Your objective - Here is a set of records. Copy them all exactly.

Brief descriptive captions
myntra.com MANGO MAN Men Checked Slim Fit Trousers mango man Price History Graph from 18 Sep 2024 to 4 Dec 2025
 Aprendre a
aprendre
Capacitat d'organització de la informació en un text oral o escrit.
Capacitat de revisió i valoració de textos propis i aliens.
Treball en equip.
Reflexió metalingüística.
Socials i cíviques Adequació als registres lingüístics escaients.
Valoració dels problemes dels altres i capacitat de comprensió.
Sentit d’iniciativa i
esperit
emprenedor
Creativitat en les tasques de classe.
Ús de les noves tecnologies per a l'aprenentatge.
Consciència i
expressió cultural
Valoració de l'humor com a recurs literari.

Response below -
myntra.com MANGO MAN Men Checked Slim Fit Trousers mango man Price History Graph from 18 Sep 2024 to 4 Dec 2025
 Aprendre a
aprendre
Capacitat d'organització de la informació en un text oral o escrit.
Capacitat de revisió i valoració de textos propis i aliens.
Treball en equip.
Reflexió metalingüística.
Socials i cíviques Adequació als registres lingüístics escaients.
Valoració dels problemes dels altres i capacitat de comprensió.
Sentit d’iniciativa i
esperit
emprenedor
Creativitat en les tasques de classe.
Ús de les noves tecnologies per a l'aprenentatge.
Consciència i
expressió cultural
Valoració de l'humor com a recurs literari.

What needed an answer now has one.